_Requirement_. Every line below needs to be printed again exactly, without any of its pictures.

_Given data_.
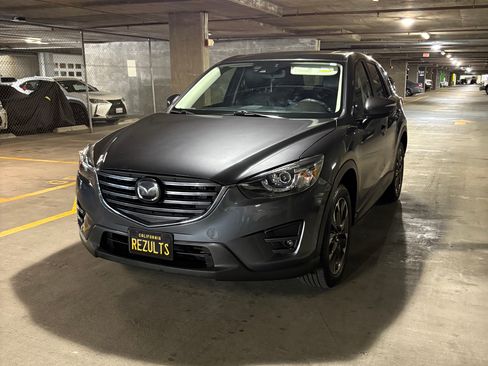 Used 2016 MAZDA CX-5 Grand Touring image 5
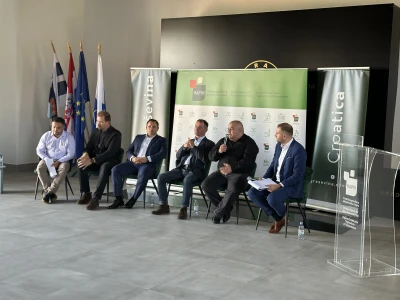 Konferencija GO u osječkom Centru za posjetitelje Tvrđa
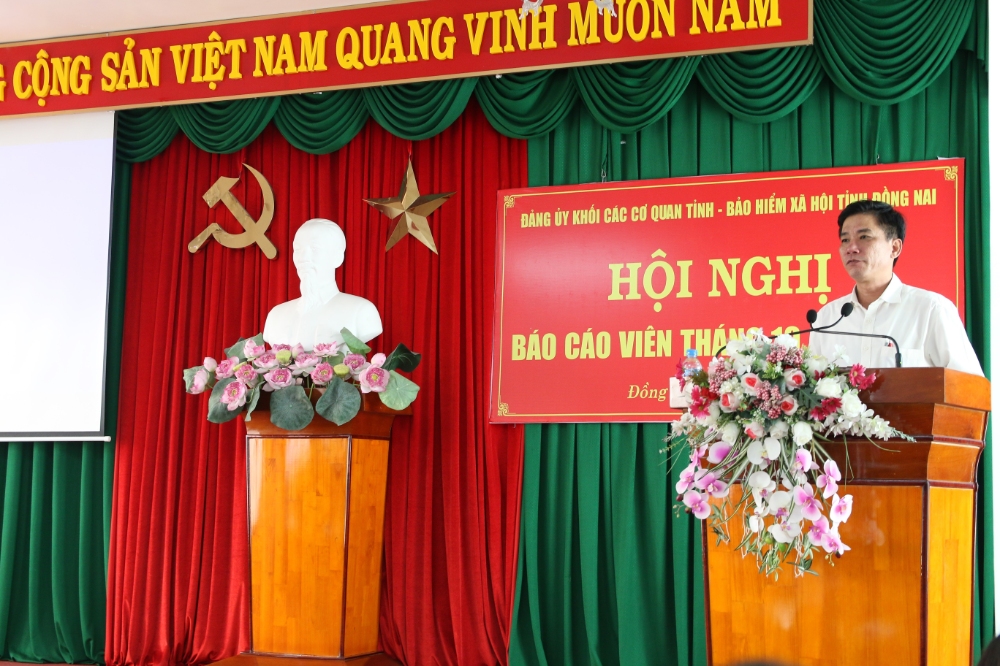 Phối hợp tuyên truyền chính sách BHXH, BHYT tại tỉnh Đồng Nai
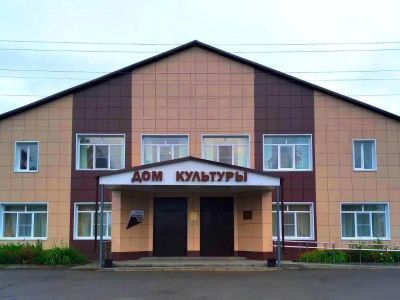 Луговской сельский дом культуры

_Solution to this task_.
 Used 2016 MAZDA CX-5 Grand Touring image 5
 Konferencija GO u osječkom Centru za posjetitelje Tvrđa
 Phối hợp tuyên truyền chính sách BHXH, BHYT tại tỉnh Đồng Nai
 Луговской сельский дом культуры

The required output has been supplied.